Steps have been taken to increase the number of women in teaching and research, and numerous studies confirm the use of positive discrimination in economic circles throughout the world. These studies clearly show there is an awareness of gender inequality. For example, a study by Thomas Breda and Mélina Hillion finds a recruitment bias in favour of female teachers in French secondary schools. However, several recent papers on attitudes in economics research and teaching have questioned this optimistic view.
Despite a growing awareness of the issue, men and women are still not treated equally in the profession. For example, recruitment panels will often call into question the scientific quality of a female candidate’s work if it has been coauthored with a man, whereas the same is not true for male candidates. Heather Sarsons et al. find that, in the United States, the gender of a male candidate’s coauthors has no effect on his chances of promotion. By contrast, for women, papers coauthored with men have less of an impact on their chances of promotion than those that are single-authored or coauthored with another woman. Thus, when a woman coauthors a paper with a man, the academic community infers that she has made less of a contribution than her male colleague.
In addition, throughout the world, the experience of giving a research seminar is different for men and for women, as shown by data on hundreds of seminars collected by Pascaline Dupas and her coauthors. When a female researcher presenting a paper is asked a question, a male audience member will often answer without letting her speak. This type of behaviour is rare when the presenter is a man. Perhaps women need help getting their message across? The same attitudes can be found when it comes to research papers. A study by Erin Engel finds that referees and editors at the top economics journals take longer to reply to female authors. They also ask for more revisions than in the case of male-authored texts, even if a comparison of first drafts shows that the quality of the text is identical. By contrast, the published versions of papers written by women tend to be of better quality than those written by men as they are held to tougher standards by editors.
Similar attitudes have been identified in other dimensions. Letters of reference tend to describe female job candidates as “hardworking” and male candidates as “brilliant”, papers written by women tend to be cited less frequently by peers, and, worse still, in anonymous discussions on economics forums, female authors receive more comments on their appearance and personal life than on their academic work.

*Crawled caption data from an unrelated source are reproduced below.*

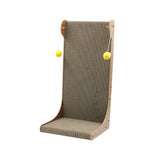 Cat Scratcher Cardboard Lounge Bed Thicken Corrugated Paper Scratch Pad Style B - Aladdin Shoppers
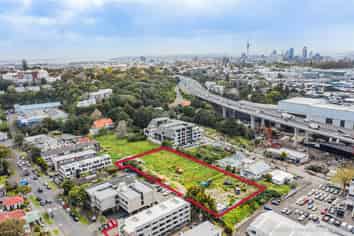 Epsom Land for lease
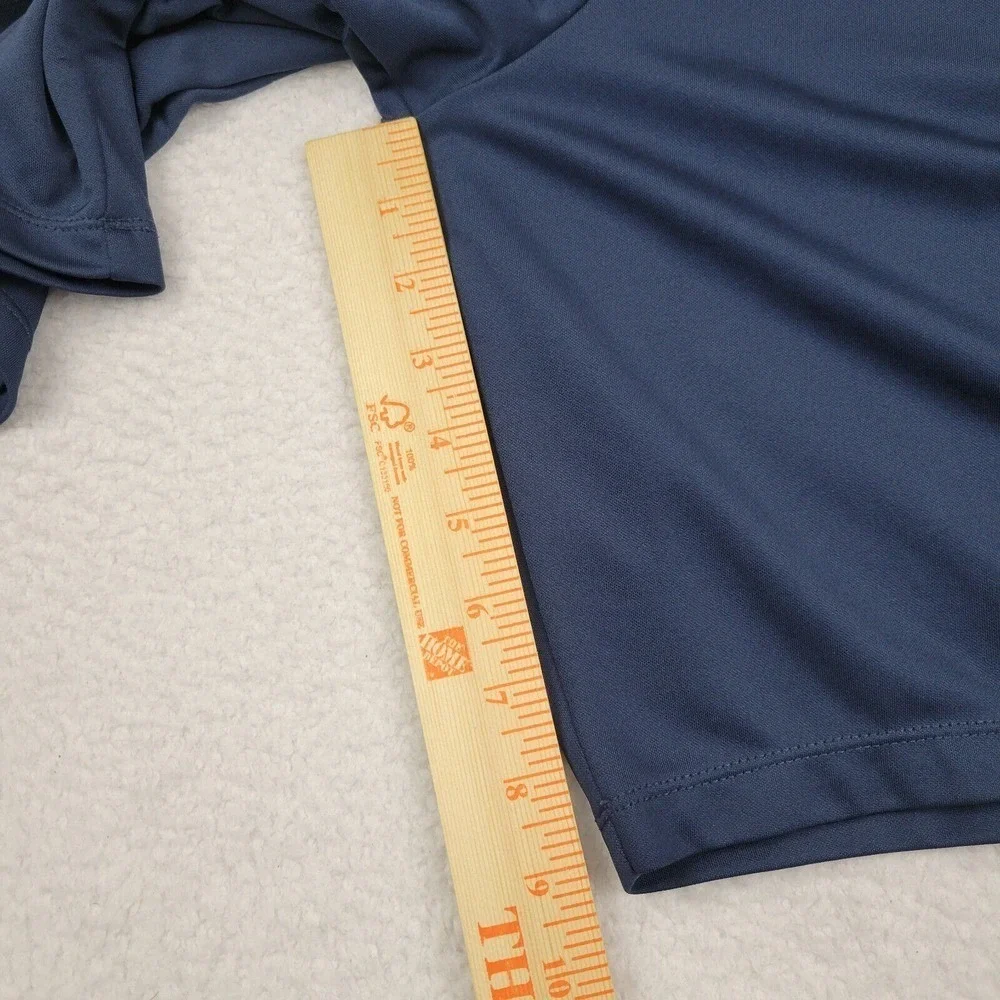 Nike Dry Academy‎ Soccer Athletic Shorts Mens XL Navy Blue 832508-451 Football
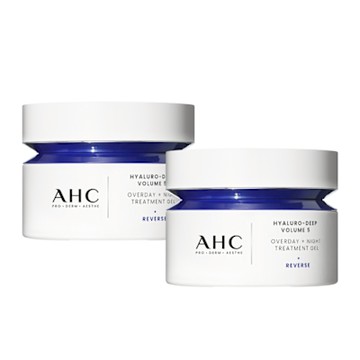 【AHC】醫美科研超導水光玻尿酸活膚霜50_2入組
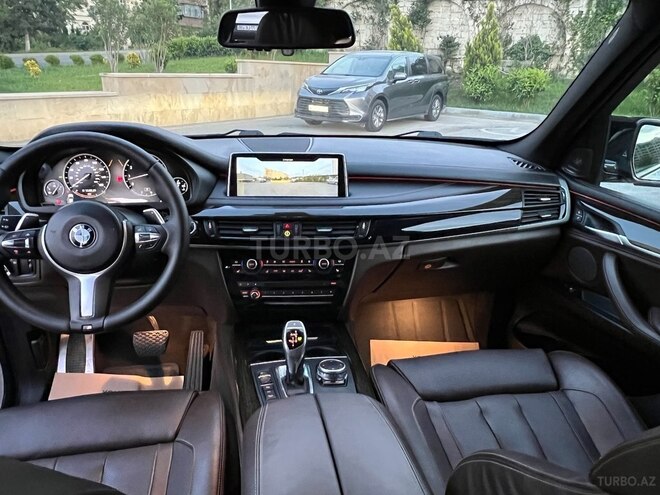 BMW X5 2016, 86,000 km - 3.0 l - Bakı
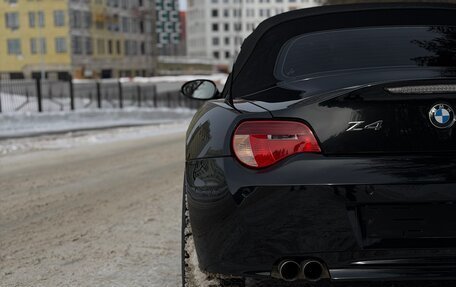 BMW Z4, 2006 год, 2 299 999 рублей, 4 фотография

How can we reconcile these results with the discourse in the profession about the need to increase the number of women? The studies cited here highlight the existence of “implicit discrimination”, defined by psychologists as “subconscious attitudes that may or may not correspond to explicit attitudes”. Unlike explicit discrimination, implicit discrimination stems from social constructs that are so deeply rooted in our societies that we are unaware that we are being discriminatory. Individuals who are convinced that they want to promote women may, in reality, discriminate against them subconsciously.